如果使用了Beam Search, 在每个时刻会选择top K的单词作为这个时刻的输出,逐一作为下一时刻的输入参与下一时刻的预测,然后再从这K*L (L为词表大小) 个结果中选top K作为下个时刻的输出。
3.2 参数结构
tf.contrib.seq2seq.BeamSearchDecoder(
cell, embedding, start_tokens, end_token,
initial_state, beam_width, output_layer=None,
length_penalty_weight=0.0, coverage_penalty_weight=0.0, reorder_tensor_arrays=True)
以下是参数的解释
- cell: 一个RNNCell 实例
- embedding: 用来embedding_lookup.
- start_tokens: [batch_size, ]
- end_token: int32 scalar标量.
- length_penalty_weight: 惩罚长句
- coverage_penalty_weight: 惩罚重复
- reorder_tensor_arrays: 如果设置为True, cell state将会根据Beam Search重新排序.

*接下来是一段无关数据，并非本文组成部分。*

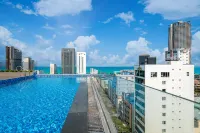 Yes Hotel Da Nang - Beach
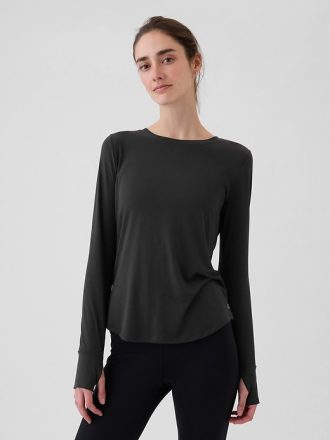 GapFit Breathe T-shirt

如果使用了AttentionWrapper, converage_penalty_weight是建议去使用的.它鼓励decoder去覆盖所有的inputs.
3.3 基本使用
以下是使用了AttentionWrapper、BeamSearch的代码。
with tf.variable_scope('decoder'):
beam_width = 5
memory = encoder_outputs
if mode != 'infer':
bs = batch_size
else:
memory = tf.contrib.seq2seq.tile_batch(memory, beam_width)
encoder_state = tf.contrib.seq2seq.tile_batch(encoder_state, beam_width)

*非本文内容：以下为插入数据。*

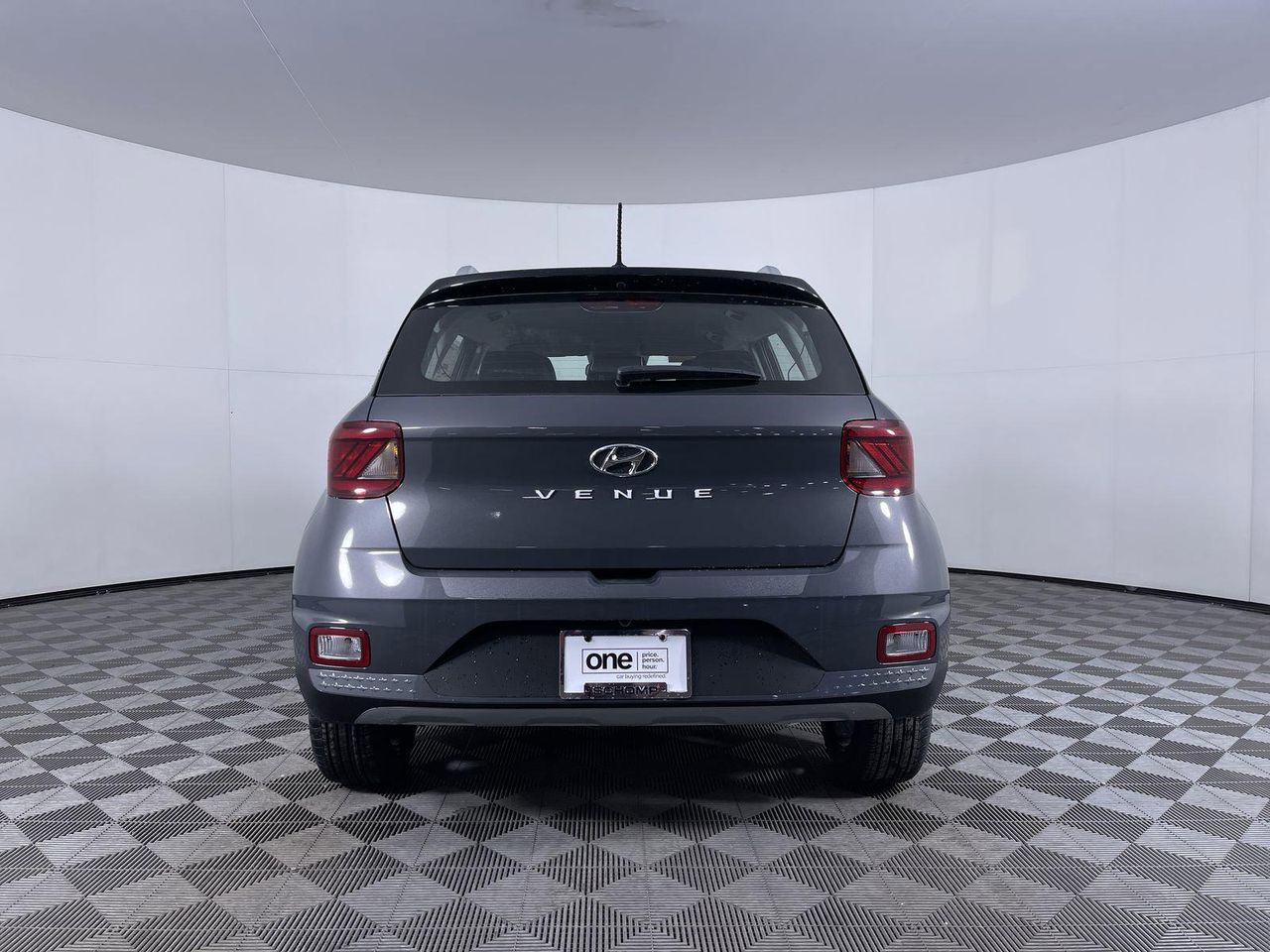 2025 Hyundai Venue Limited photo 5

bs = batch_size * beam_width
input_seq_lens = tf.contrib.seq2seq.tile_batch(input_seq_lens, beam_width)
# 注意力机制
attention = tf.contrib.seq2seq.LuongAttention(hidden_size, memory, input_seq_lens, scale=True)
rnn_cell = tf.nn.rnn_cell.BasicRNNCell(hidden_size)
rnn_cell = tf.contrib.seq2seq.AttentionWrapper(rnn_cell, attention, hidden_size, name='attention')
decoder_initial_state = cell.zero_state(bs, tf.float32).clone(cell_state=encoder_state)
# 输出层
with tf.variable_scope('projected'):
output_layer = tf.layers.Dense(len(word2id_en), use_bias=False, kernel_initializer=k_initializer)
if mode == 'infer':
start = tf.ones([batch_size], dtype=tf.int32) * w2i_target["_GO"] # 注意这里:是batch_size, 而不是bs.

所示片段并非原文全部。